Daan Beekers's plea for a comparative anthropology of Muslims and Christians occurs against the horizon of a current reappraisal of comparison, most recently articulated with vigor by Peter van der Veer (2016) in The Value of Comparison and debated in a special review section of HAU: Journal of Ethnographic Theory (Meyer et al. 2017). The fact that there are good reasons to be suspicious of certain modes of doing comparison—for instance, those grounded in Eurocentric evolutionary models geared toward generalization—does not imply that the use of comparison as a method for knowledge production should be discarded in favor of a focus on particularities.
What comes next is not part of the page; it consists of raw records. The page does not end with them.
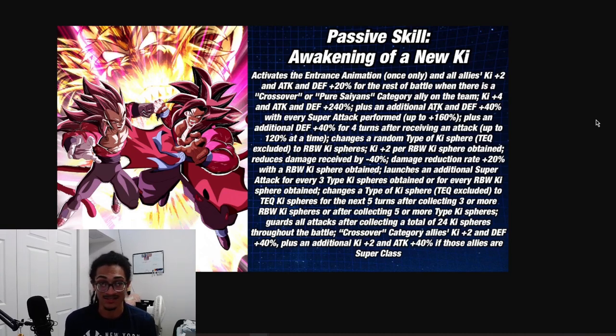They launch an additional super attack for every three type ki spheres obtained or for every rainbow ki sphere obtained - so if you get five rainbow ki spheres, these guys are doing stupid amounts of damage. They also change type ki spheres to tech ki spheres for the next five turns after three or more rainbow ki spheres are collected, or after collecting five or more type ki spheres. They guard all attacks after collecting a total of 24 ki spheres throughout the battle. They also give Crossover category allies 2 ki and 40% attack and defense, with an additional 2 ki and 40% attack if those allies are super class.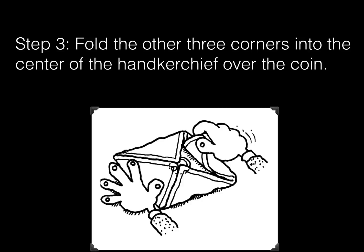Step 3. Fold the other three corners into the center of the handkerchief over the coin.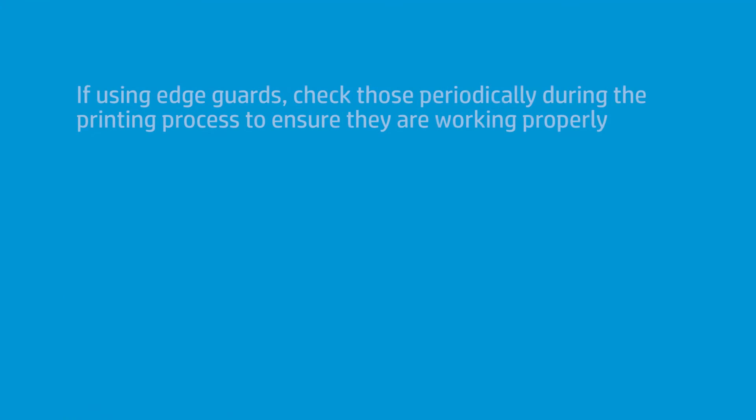One thing to be aware of while it's printing, if you're using the edge guards: I will come back and check from time to time and make sure those edge guards are right where they're supposed to be. Sometimes, if the fabric tends to walk because it's not always on the roll evenly, it may get inside or outside that edge guard too much. If it gets inside, what can happen is if it walks back, it'll kind of get caught on the edge guard. That's why I'm hesitant to use edge guards some of the time because occasionally they create more problems on a fabric that tends to move on the roll than if they weren't there at all.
What makes anthropology exciting as a discipline is its capacity to move deep into other phenomenological worlds of thought and lived experience and to make informed comparisons, be it through critical translations between such worlds and scholarly vocabularies, or through systematic assessments of differences and specificities with regard to certain categories or groups. This is a question of finding a balance between ‘going deep’ and ‘looking across’, not an either-or choice.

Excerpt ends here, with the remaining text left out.